Barbarians sees first time director Charles Dorfman take on a number of different themes. The story is about two couples at an uneasy dinner party. They are outwardly friendly, but it is clear all is not right between the four. As the night progresses what seems like a simple, but tense night becomes far worse than any of the four could have imagined.
First time directors experience plenty of growing pains. In an interview with AIPT, Dorfman stated he was worried things would not go exactly as planned, but he was also willing to accept these mistakes as part of the experience. Barbarians has its issues, but nothing ruins the enjoyment of the film. On the contrary, Dorfman does a lot of interesting things in his debut. There are a number of “God’s eye view” shots that show the enormity of the world and the insignificant amount of space people take up in them, for example.
It is hard to describe Barbarians without spoiling it. It is a thriller, character study, and even has elements of folk horror. If it sounds like a lot is happening, that is because there is. Everything moves along in terse conversations as a palpable layer of tensions simmers just below the surface. This adds more suspense to the proceedings. There is no way of knowing what is going to happen at any given moment.
Many stories make the mistake of trying to do too much. While there are a number of topics addressed in Barbarians, it never feels overwhelming.

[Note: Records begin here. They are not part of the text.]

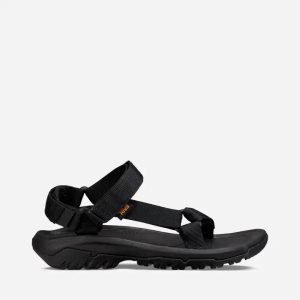 Teva Hurricane XLT2 Σανδαλια Γυναικεια - μαυρα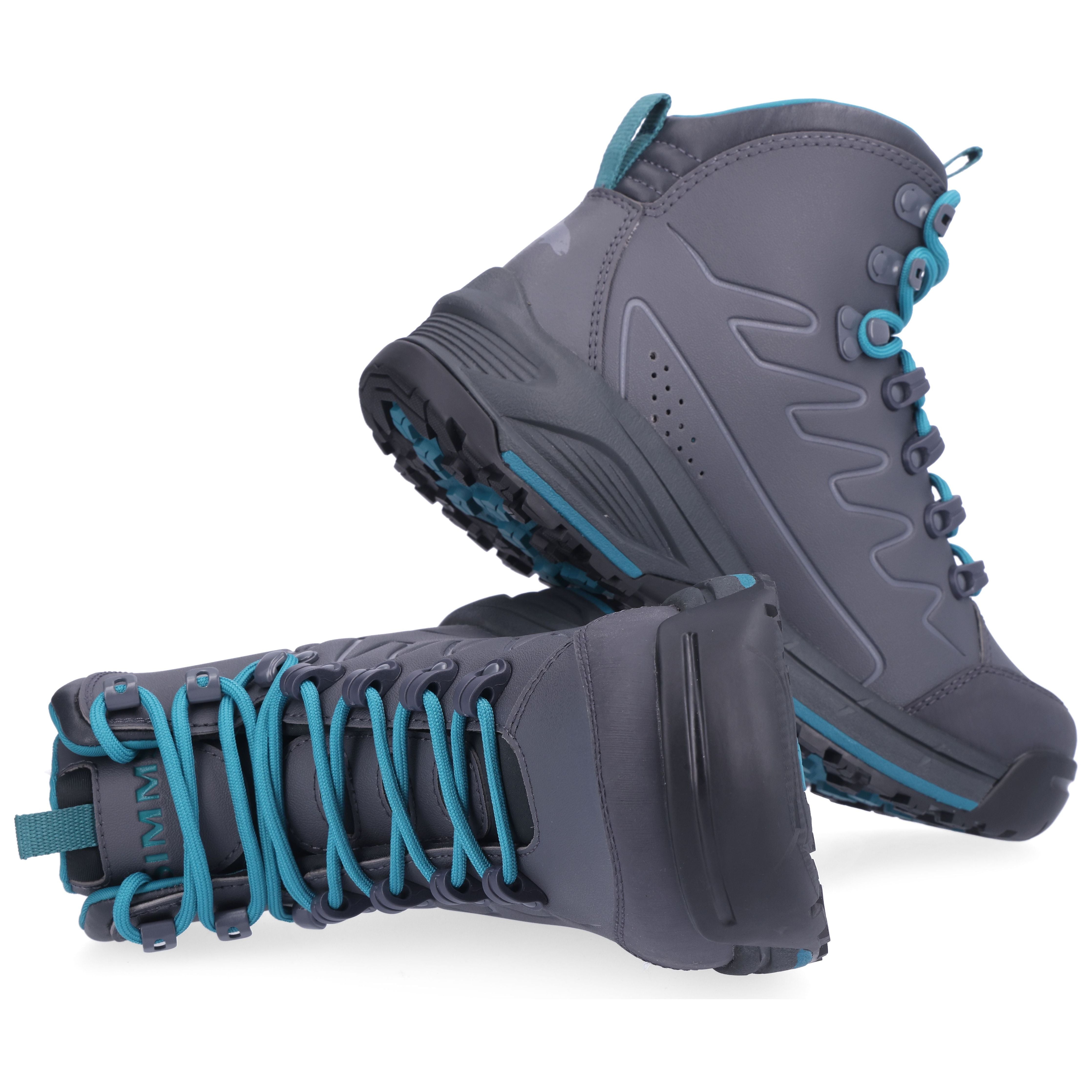 Simms Women's Freestone Boot Slate Image 23
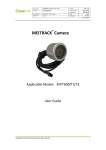 MEITRACK Camera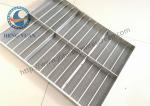 Coal Washing Equipment Wedge Wire Sheets Stainless Steel 304 Materials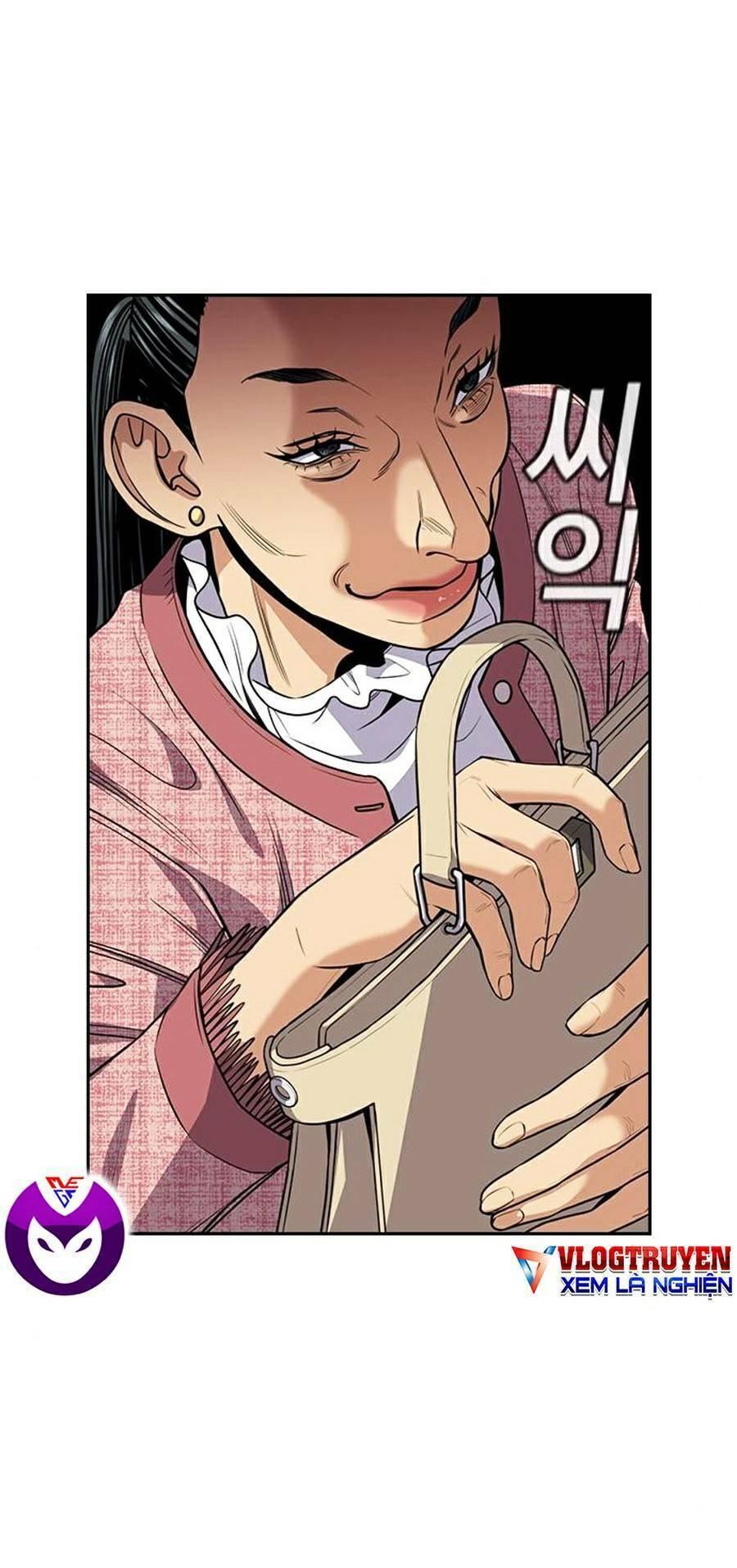 Giáo Dục Chân Chính chapter 69 3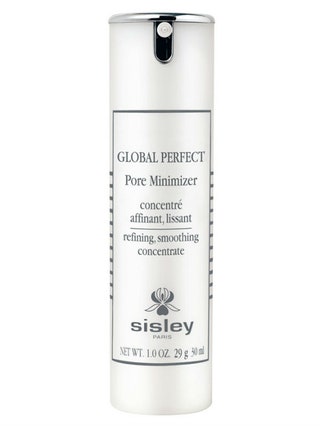 Средство для уменьшения пор Global Perfect Pore Minimizer Sisley.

Each interaction and conversation point adds to the overall story or characters. Dorfman wanted to create realistic people and relationships without walking the audience through everything. This comes across well and will draw audiences in.

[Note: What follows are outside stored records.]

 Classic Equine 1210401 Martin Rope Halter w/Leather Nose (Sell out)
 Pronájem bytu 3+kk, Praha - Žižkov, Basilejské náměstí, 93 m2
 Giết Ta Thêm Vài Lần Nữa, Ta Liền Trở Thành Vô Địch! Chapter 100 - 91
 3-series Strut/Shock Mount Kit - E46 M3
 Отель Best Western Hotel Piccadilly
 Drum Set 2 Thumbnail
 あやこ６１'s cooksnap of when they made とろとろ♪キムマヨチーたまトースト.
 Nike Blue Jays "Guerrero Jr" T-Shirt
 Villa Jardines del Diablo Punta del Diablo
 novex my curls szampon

Dorfman acknowledges that the final act of Barbarians was a risk. It is also a testament to the strong writing. In order for the plot twist to work, anyone watching will have to be invested in the characters and the drama being presented. Things explain themselves – there is even some foreshadowing – but if the film is not engrossing, no one will stick around to see where things end up. In this case, the end result is a captivating film.